What a golden age it presently is for Speaker-watchers. We are witnessing the flowering of a great comic creation, and we haven't even had to make him up. John Bercow is in full command of the House, his authority is unquestioned, he's almost certain to be re-elected and serve his full nine years – his confidence expands like a weather balloon the higher he rises.

We see it in the way he talks, the way he caresses favourites and spits tacks at those he doesn't like, and in the way he has started joining in with the House during debates.

In order then. The dialect he has invented for himself has moved to a new level in the last weeks. It's not just his royal "we" ("We are exceptionally grateful"), it's his syntax. It seems to be generated by an out-of-control 19th century software program. Take this example.

"Secondly, moderately vivid imagination though I possess, a fact to which I made reference in responding to someone last week, I really cannot imagine a colleague whom it is more impolitic or foolish to fail timeously to answer than the honourable gentleman."

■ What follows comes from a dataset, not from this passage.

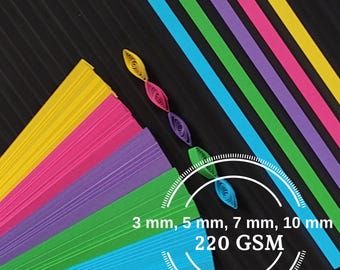 Puede incluir: Surtido de tiras de papel de colores para quilling, en azul, verde, morado, rosa y amarillo. Las tiras tienen 3 mm, 5 mm, 7 mm y 10 mm de ancho y 220 g/m².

Is this an attempt at high table grandeur? Is it how he thinks Speakers spoke in the glory days? Is it to distance himself gently from his inferiors without alienating them?

It's not just the quality, the quantity is also new. Hansard shows he speaks 700 and 800 words in a day's sitting. Michael Martin before him spoke 100 to 200, as did Betty Boothroyd.

The other Thursday at Business Questions, Mr Bercow kept dozens of MPs at attention in front of him while he spoke a total of 93 words making an appeal for brevity.

In recent days, to answer John Cryer's Point of Order asking if the PM had contacted the Speaker to make a statement, he took 202 words (the answer is essentially one word). To Jeremy Corbyn's request for a longer debate on Iran, he said: "That is not a matter for the Chair", but took 203 words to say it. And four points of order (from Paul Flynn, David Winnick, Brian Donohoe and Mark Pritchard) in one combined reply on the subject of the PM calling Denis Skinner a "dinosaur"? A mammoth 387 words.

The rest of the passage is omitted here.